Sunday, April 19, 2009

Demystifying DNA electrophoresis

One of my goals for our blog is to show (to the few people who may read this who don't know us personally) that scientists are just like regular people whose job happens to be mixing together clear liquids all day. For this reason, I am pretty interested in DIYbio, a group that aims to make science, and biology in particular, more accessible to people who are interested in viewing the world around them scientifically but maybe don't have a degree in science. [What follows is probably the most serious/boring post we have on here, but believe it or not, we are serious sometimes and this is something I feel is important enough to go into excruciating detail about. Feel free to skip this and go back to looking up cusses in scholarly journals.]

I think it is totally awesome that people who don't have a lot of experience with science think that biology is cool enough to meet at bars to talk about, and it is great that people want to do experiments. However, in the process of demystifying biology so that amateurs can interact with things like bacteria, DNA, and even genomes, DIYbio often ends up pushing "traditional" science further into the abstract ivory tower. This is especially true I think in the discussions around how to do DNA electrophoresis (separating different pieces of DNA based on their size). In seeing what DIYbio is proposing as methods for doing this common lab technique, it is clear that the people who do it every day (grad students, post docs, and technicians working in labs everywhere) haven't done a really good job of explaining how the data that is finally presented to the public is "made"; that is, how the experiments are actually done. What people end up seeing is what biotech companies that want you to buy their $1000+ electrophoresis setups are saying.

I hope that in showing how we do DNA electrophoresis in our lab (at the ivoriest of all towers, harvard) I can show how experimental biology is often hacked together and DIY (which makes it really fun and sometimes frustrating) and has a lot more to offer than the final reports of what we make of the experimental results, and way more to offer than the bio-rad website. I'm not going to go through all of the DIYbio proposals on how to do gels, because the discussion boards listed above already go into good detail about what would work and what wouldn't and why. My goal is just to show that the way that we do it is already pretty cheap and is actually quite similar to some of the final proposals for the DIY gel box from Pearl Biotech.

So here's my method for making DNA gels, illustrated with some fancy cell phone camerawork. First, I weigh out some agarose, mix it with saline, and microwave it for two minutes. Agarose is relatively expensive at $420 for 500 grams, but you only need 1 gram per gel so it should last for a long time.

While the agarose is microwaving I put together my gel tray. We use a simple piece of plastic put together for us by the harvard machine shop wrapped with masking tape (really) around the bottom so that the melted agarose doesn't fall out. A small plastic comb makes the wells where I'll put the DNA.

Now my agarose is melted, and here comes the tricky part. We add ethidium bromide here, a super toxic, absolutely (maybe) will kill you DNA stain that allows us to see where the DNA is. This stuff is difficult to dispose of safely, and there are some other options for DNA stains that are more expensive, but probably better if you're going to be doing this someplace that doesn't have OSHA people all over it.

Now I've poured my gel into my prepared gel tray and let it harden, it's time to load my DNA.

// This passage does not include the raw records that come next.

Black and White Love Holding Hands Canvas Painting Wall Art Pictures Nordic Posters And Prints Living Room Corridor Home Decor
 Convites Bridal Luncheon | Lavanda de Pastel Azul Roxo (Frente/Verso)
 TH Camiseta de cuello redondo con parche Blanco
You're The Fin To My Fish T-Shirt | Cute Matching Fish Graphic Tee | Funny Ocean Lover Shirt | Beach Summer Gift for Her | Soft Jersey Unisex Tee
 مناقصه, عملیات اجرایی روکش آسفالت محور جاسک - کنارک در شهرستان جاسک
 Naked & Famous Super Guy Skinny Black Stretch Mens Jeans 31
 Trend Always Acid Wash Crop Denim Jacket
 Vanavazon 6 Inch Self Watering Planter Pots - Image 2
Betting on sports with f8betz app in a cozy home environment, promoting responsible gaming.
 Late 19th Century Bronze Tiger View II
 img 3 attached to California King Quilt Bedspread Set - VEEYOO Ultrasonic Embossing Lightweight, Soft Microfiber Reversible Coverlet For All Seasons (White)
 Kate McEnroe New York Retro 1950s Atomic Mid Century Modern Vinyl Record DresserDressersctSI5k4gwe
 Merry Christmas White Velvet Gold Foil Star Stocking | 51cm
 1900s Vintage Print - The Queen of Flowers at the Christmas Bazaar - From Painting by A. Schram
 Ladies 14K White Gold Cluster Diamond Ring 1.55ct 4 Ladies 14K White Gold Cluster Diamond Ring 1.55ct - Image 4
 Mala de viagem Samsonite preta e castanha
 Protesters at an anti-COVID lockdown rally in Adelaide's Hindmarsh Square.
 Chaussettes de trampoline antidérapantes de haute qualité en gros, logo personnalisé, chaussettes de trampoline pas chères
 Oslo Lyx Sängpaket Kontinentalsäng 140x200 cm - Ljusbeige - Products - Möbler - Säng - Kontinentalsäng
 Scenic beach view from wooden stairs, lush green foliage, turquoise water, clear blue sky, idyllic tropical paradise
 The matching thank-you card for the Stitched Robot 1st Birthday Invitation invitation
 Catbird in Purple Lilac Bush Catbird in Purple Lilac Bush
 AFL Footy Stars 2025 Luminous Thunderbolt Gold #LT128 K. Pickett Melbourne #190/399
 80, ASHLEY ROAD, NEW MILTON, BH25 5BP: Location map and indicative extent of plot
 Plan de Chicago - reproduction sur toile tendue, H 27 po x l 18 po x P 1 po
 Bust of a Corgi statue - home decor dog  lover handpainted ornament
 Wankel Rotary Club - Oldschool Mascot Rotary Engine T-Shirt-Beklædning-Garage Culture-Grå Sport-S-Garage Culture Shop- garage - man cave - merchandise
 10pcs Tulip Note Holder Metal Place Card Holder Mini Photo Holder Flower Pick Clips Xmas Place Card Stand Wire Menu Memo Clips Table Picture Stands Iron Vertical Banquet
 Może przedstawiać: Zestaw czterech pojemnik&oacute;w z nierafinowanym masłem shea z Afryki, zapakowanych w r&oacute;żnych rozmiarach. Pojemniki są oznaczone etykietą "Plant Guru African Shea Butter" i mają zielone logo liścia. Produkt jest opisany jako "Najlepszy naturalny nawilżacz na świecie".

I put it into a plastic box, also made by the machine shop. This box is filled with the same saline solution I used to dissolve my agar, and has a wire running through it that can be connected to any power source. I mix the DNA with a solution of glycerol and a dye. The dye lets you see how far your sample has run through the gel, and the glycerol is heavier than water so it lets the DNA fall into the wells that the comb made in the gel.

After running a voltage through the gel for about 20 minutes the gel is ready to look at under UV light. This makes the ethidium bromide glow where it has bound to the DNA and you can take a picture of the gel.

Tada! I hope that this shows that lab scientists and home scientists have a lot in common when we have similar goals, in this case separating out some DNA. I think if what people saw about DNA wasn't on CSI, Gattaca-like tests that gave you statistically suspect percentages for disease risk, or $500 canvases with DNA fingerprints that people wouldn't think scientists are so weird, and maybe would be even more interested in talking about biology at a bar. If you think this is a good idea, let us know. If you think it's boring, let us know; we can go back to talking about Star Trek and poop.